# Black Cherry ok for smoking?



## cripplecreek

Being from the south I have access to a lot of black cherry (prunus serotina).  Is this one of the cherry woods that would be good for smoking.  If you break a twig or cut into the wood it has a strong pungent smell.  Anybody got any ideas?        Thanks, Mike


----------



## morkdach

I have not had the chance to try Black cherry but I know someone who a beer butt chicken with some & said it was great.

Just for what its worth


----------



## eman

Just send it all to me and i'll use i and let ya know.

Nah ,It's great for smoking Need to let it age for 6 months after it's cut.


----------



## flash

Is this the large cherry tree, will small black berries? I use it all the time to smoke with. Were in the North Florida area. Love to use it mixed with Pecan or Oak.


----------



## mballi3011

I'm like Bob (eman) and say to send it to me. I would love to have alot of cheery it is one of my favorite woods next to apple.


----------



## ak1

What you need to do, is forget about the first word, and just remember the "cherry" part. Or remember that the scientific name is "PRUNUS".

Anything with that name smokes wonderfully.

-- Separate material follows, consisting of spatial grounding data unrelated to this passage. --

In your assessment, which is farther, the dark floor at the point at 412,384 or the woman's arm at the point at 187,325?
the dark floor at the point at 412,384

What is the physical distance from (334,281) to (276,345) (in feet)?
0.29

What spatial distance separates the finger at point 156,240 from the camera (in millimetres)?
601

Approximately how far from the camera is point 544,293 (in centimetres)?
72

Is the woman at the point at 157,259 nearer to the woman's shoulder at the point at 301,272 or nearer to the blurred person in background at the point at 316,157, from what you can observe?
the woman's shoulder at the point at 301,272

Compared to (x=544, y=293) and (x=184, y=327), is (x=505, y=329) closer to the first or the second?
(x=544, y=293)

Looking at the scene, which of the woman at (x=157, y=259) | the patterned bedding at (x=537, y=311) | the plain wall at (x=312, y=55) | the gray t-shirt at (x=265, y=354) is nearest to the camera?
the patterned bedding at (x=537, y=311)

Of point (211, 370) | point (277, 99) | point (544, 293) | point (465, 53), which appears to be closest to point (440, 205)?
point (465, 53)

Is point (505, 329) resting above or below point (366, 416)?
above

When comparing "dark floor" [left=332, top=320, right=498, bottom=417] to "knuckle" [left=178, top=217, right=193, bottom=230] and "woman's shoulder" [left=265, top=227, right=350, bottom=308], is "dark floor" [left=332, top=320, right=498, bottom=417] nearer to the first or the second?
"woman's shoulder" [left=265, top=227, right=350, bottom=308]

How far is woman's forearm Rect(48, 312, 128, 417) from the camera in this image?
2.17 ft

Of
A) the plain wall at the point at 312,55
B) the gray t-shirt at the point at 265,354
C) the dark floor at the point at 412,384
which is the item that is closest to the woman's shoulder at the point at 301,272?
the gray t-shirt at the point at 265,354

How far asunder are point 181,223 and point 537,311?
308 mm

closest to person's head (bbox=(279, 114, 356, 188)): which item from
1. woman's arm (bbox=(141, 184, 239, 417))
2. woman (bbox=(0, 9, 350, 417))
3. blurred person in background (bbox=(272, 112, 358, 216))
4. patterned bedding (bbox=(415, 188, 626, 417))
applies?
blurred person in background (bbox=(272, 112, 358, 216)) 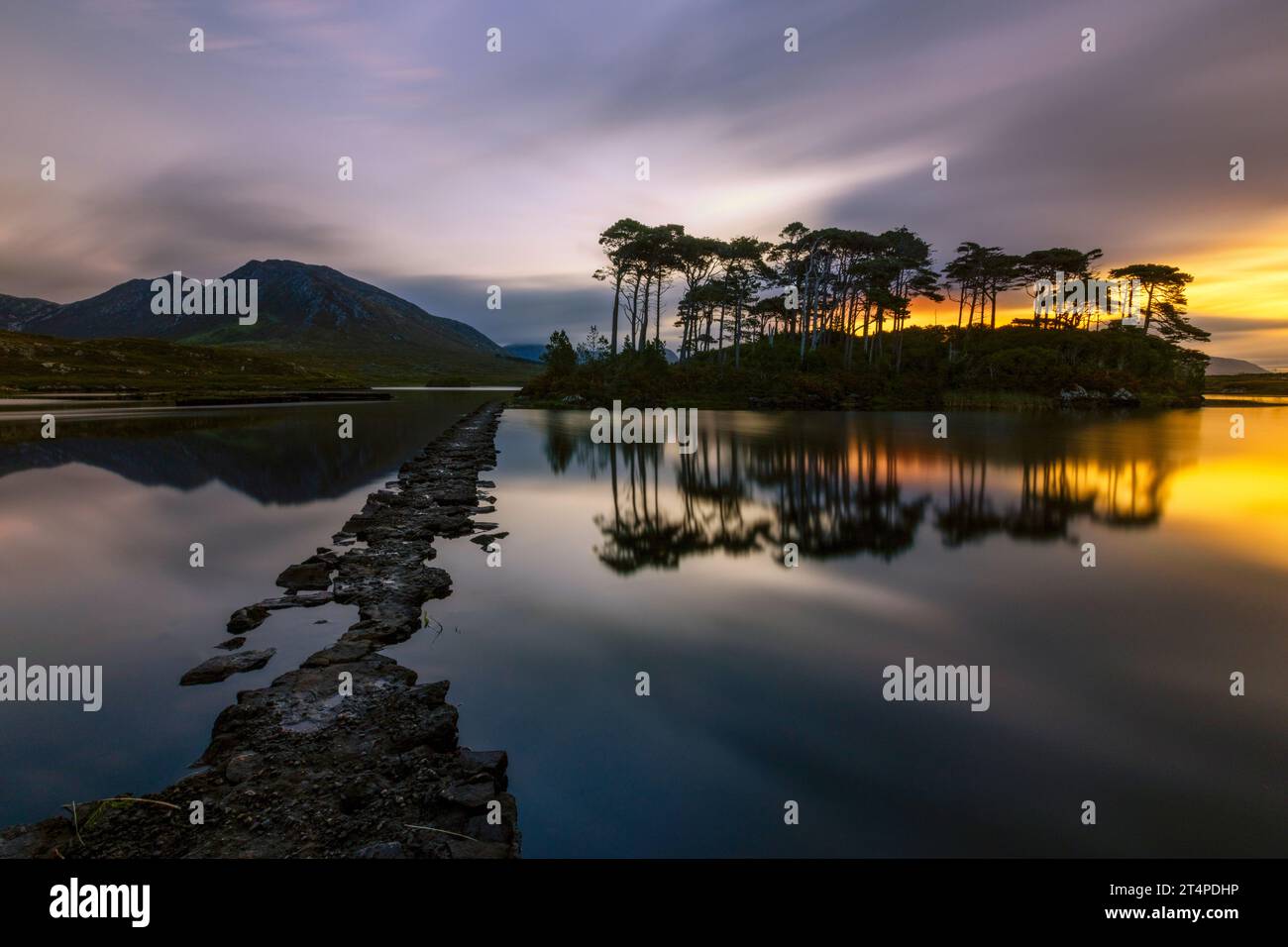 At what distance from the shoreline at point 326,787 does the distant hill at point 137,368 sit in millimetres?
94415

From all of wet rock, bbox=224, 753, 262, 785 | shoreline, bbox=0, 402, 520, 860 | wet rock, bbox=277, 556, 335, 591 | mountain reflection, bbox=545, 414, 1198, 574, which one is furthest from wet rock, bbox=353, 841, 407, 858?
mountain reflection, bbox=545, 414, 1198, 574

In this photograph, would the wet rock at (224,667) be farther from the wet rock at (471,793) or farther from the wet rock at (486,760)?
the wet rock at (471,793)

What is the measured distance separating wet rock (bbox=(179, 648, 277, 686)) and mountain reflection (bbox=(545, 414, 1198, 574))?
21.8 feet

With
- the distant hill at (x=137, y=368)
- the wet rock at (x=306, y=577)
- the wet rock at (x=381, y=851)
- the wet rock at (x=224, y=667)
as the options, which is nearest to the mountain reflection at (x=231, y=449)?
the wet rock at (x=306, y=577)

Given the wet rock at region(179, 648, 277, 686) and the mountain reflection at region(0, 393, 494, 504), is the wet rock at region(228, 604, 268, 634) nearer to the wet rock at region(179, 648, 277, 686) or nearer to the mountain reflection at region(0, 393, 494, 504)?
the wet rock at region(179, 648, 277, 686)

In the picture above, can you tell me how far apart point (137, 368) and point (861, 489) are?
5323 inches

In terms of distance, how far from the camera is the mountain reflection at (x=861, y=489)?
1486 centimetres

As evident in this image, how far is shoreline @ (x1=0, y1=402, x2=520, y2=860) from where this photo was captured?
451 cm

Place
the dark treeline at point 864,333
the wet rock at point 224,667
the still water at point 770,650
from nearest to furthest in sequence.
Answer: the still water at point 770,650 < the wet rock at point 224,667 < the dark treeline at point 864,333

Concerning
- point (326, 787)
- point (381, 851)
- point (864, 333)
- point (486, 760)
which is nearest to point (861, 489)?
point (486, 760)

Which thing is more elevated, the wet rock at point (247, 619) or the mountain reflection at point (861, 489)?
the mountain reflection at point (861, 489) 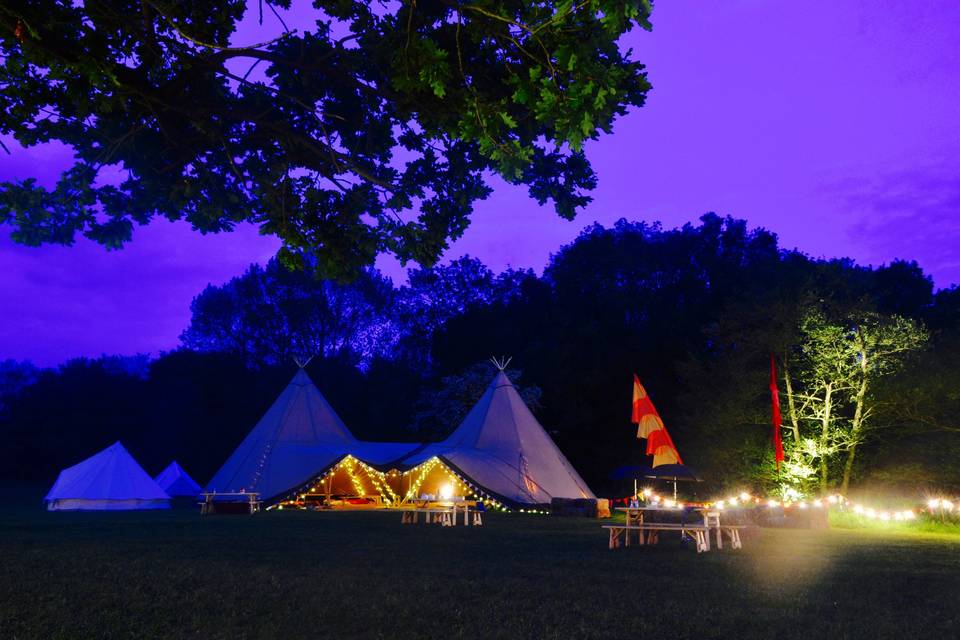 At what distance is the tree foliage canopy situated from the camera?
4145 millimetres

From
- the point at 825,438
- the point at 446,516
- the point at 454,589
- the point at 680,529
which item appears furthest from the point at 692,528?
the point at 825,438

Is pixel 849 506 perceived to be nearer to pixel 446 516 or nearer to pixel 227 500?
pixel 446 516

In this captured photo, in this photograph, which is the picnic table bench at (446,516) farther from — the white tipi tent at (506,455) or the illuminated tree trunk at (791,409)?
the illuminated tree trunk at (791,409)

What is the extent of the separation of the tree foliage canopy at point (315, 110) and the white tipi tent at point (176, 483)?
24.8 metres

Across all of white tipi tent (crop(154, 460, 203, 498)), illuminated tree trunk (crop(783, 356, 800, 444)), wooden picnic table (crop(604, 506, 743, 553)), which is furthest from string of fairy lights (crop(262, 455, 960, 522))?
white tipi tent (crop(154, 460, 203, 498))

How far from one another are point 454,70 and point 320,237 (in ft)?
6.08

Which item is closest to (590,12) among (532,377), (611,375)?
(611,375)

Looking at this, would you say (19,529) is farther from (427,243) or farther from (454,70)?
(454,70)

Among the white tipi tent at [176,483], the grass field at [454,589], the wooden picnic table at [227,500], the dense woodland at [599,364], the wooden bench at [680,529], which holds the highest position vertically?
the dense woodland at [599,364]

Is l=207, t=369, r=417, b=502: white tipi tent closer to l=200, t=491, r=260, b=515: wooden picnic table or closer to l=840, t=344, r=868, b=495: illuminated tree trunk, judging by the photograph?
l=200, t=491, r=260, b=515: wooden picnic table

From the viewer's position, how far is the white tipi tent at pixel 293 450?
22547 millimetres

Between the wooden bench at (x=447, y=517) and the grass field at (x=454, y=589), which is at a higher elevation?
the wooden bench at (x=447, y=517)

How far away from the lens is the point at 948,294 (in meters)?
30.0

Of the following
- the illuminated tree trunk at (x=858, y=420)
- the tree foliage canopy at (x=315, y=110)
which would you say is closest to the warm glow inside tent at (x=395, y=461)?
the illuminated tree trunk at (x=858, y=420) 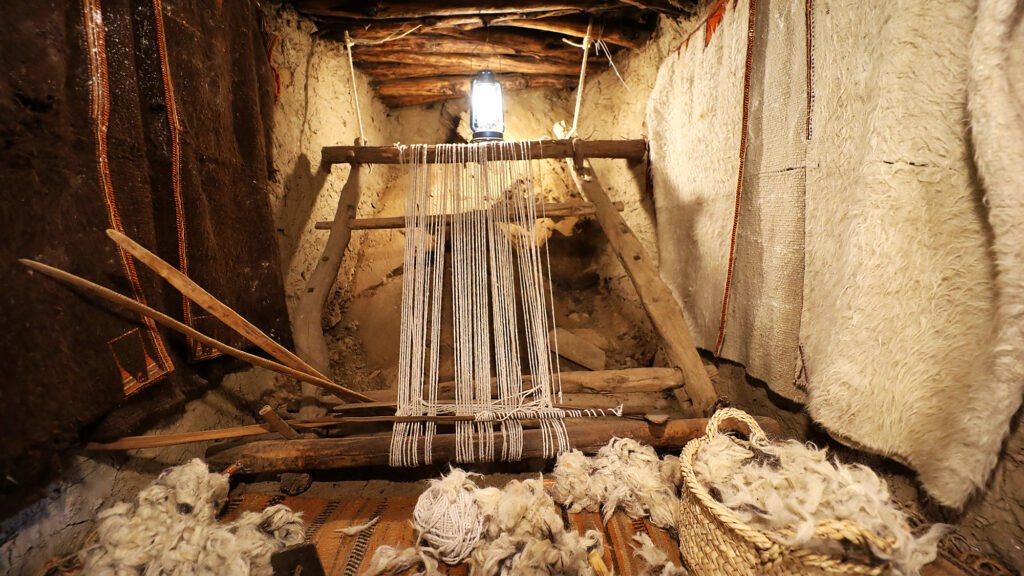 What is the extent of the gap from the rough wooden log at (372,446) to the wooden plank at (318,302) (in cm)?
25

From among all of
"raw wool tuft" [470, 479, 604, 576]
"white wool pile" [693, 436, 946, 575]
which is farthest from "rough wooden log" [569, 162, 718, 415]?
"raw wool tuft" [470, 479, 604, 576]

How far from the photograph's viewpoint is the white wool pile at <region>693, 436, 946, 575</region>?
0.84m

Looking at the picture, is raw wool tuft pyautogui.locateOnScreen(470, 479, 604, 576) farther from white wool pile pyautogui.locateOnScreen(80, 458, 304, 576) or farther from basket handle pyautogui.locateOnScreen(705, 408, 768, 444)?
white wool pile pyautogui.locateOnScreen(80, 458, 304, 576)

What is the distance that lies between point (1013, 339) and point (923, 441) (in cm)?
38

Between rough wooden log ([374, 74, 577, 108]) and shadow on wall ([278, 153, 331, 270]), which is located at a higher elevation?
rough wooden log ([374, 74, 577, 108])

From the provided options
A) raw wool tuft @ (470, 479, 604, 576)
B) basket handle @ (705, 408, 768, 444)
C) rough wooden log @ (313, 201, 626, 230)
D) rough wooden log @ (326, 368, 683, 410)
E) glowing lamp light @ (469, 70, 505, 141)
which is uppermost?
glowing lamp light @ (469, 70, 505, 141)

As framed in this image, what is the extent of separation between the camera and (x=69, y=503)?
1164mm


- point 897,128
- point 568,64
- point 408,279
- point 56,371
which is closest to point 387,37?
point 568,64

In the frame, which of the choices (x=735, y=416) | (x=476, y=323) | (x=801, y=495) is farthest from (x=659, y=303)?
(x=801, y=495)

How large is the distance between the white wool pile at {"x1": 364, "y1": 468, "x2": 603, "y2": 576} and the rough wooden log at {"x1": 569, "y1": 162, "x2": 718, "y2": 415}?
84 cm

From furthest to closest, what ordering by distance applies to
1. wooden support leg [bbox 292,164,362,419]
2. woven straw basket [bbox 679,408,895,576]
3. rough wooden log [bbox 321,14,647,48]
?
rough wooden log [bbox 321,14,647,48]
wooden support leg [bbox 292,164,362,419]
woven straw basket [bbox 679,408,895,576]

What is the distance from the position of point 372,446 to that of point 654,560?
3.30ft

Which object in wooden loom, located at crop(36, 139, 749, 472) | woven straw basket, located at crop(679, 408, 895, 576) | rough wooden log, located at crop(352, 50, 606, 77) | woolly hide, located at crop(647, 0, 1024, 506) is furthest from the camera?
rough wooden log, located at crop(352, 50, 606, 77)

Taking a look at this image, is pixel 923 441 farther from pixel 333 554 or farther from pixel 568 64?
pixel 568 64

There may be very subtle differences but overall any cherry wood will be great to smoke with.


----------



## cripplecreek

thanks guys.  I'm about to pull a George Washington stunt.  Mike


----------



## paredneck42

I have alot of Black Cherry on property we own upstate and it is a good smoking wood i cut down what needs to be cut for foodplots and etc but try not to go crazy as they are a big money tree in my part of country, but excellent wood i agree with everyone here its cherry use it and dont let it rot!!


----------